Whaat does Consumer Reports say?

My subscription to CR slipped while I was overseas, just in time to miss the issue tests on VCR's, DVDR's etc. I wouldbe greatful if someone could list their top recommendations and best buys in a few categories: VCR, DVDR (with, without hard disc), and finally recorders with hard disc alone if such a thing exists.
Why don't you just sign-up for their online subscription and read it there.
Go to http://www.consumerreports.org, sign up for a 1-month online subscription for $4.95, and you can read them yourself.
Teonyc, Pabelson: Thanks. Actually I already renewed my (print) subscription, just missing the March issue. So I was reluctant to pay for another yearly subscription. However, I wasn't aware of the possibility of subscribing for one month, that does seem like a good solution.
Just remember you have to cancel it before the month is up. Otherwise, CR will keep charging you $4.95 each month till you do.
Pabelson: Thanks again, but yes I did see that at the sign up. Minor annoyance, but still a very good option for someone with one-time or temporary need.
would anyone in high end audio actually trust CR?
Audiotomb - I've yet to see anything that you'd probably consider "high end audio" appear in CR. It's mass merchant products for the average consumer. If a person was looking for that type of product, I'd certainly trust CR above all others, if for no other reason than the fact that they go out and purchase their test samples at a store. While the editors/reviewers of the niche audiophile media are more knowledgeable and can express their knowldge in more exacting ways, you can also bet that the samples they receive from the manufacturers are checked and double checked and tweaked to make sure they're the absolute best of what they offer and are not neccessarily truely representive of what you and I purchase. Just my 2 cents.
would anyone in high end audio actually trust CR?

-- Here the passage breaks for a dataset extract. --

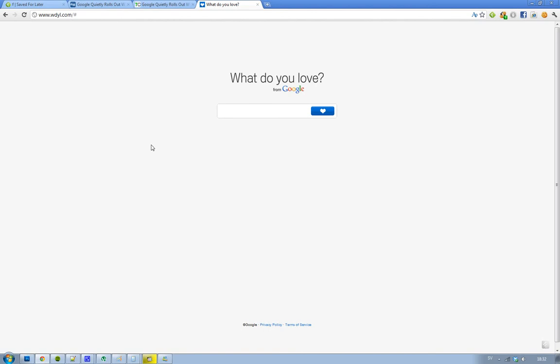So the page is wdyl.com, whatdoyoulove.com, and I think you have to have the three w's before. W-D-U-Y-L, yeah, you need three w's to access this web page.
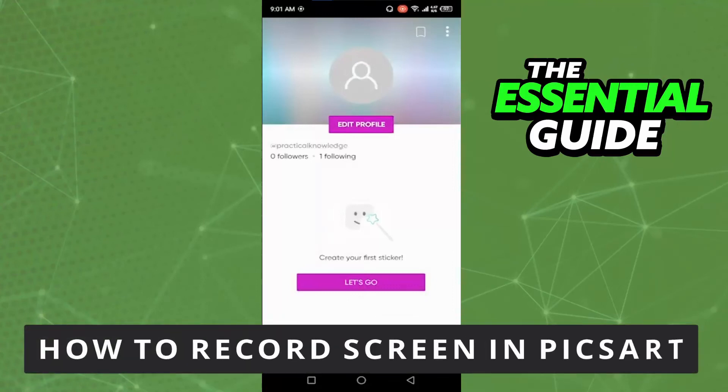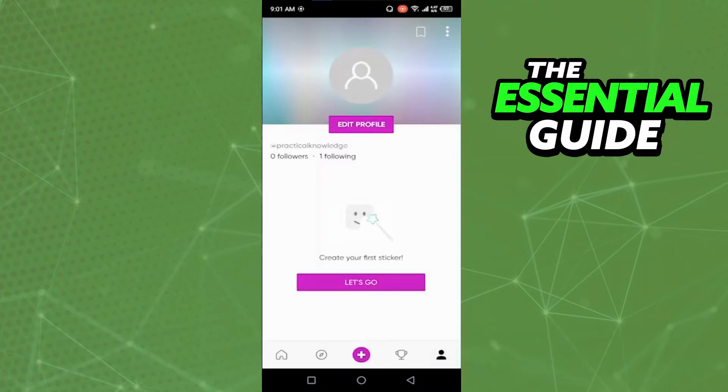Hello everybody, how's it going today? I'm teaching you how to record your screen in PicsArt. The first thing you need to do is make sure your PicsArt app is updated. That's very important.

Actually, I'd trust it more than I'd trust any high-end magazine. CR compares products directly, side-by-side, and discusses both strengths and weaknesses. High-end audio reviews, by contrast, invariably read like advertising copy. CR's reader surveys produce good data on rate-of-repair records.

Granted, CR rates strictly mass-market gear, not the sort of things audiophiles would buy for their primary systems. But if I were looking for a cheap minisystem for a basement workshop or something, I'd definitely see what CR had to say about the category. Whereas if I were looking for a new preamp, I'd ignore TAS completely.
I don't know if it is still true, but the CU evaluator people used to be jacks of all trades. They might be doing tomato Katsup one month and audio receivers the next. For example, in one famous review they rated loudspeakers strictly according to flat frequency response, neglecting (or being ignorant of) other important characteristics. I also remember when they trashed a TV antenna that everyone else thought was the best. They assembled it incorrectly.
I think that their technical abilities have improved, but I still value their factual listings of features, and good and bad points, more than their overall recommendations.
Audiotomb: "would anyone in high end audio actually trust CR?"

Probably not, but nor would I trust any high end audio publication.

Besides, this is not a "high end audio" purchase for me anyway.

While I do not "trust" any publication, I consult many. CR has some strengths. You don't have to agree with their top picks, but they do collect and offer a lot of useful objective data in convenient tabular form.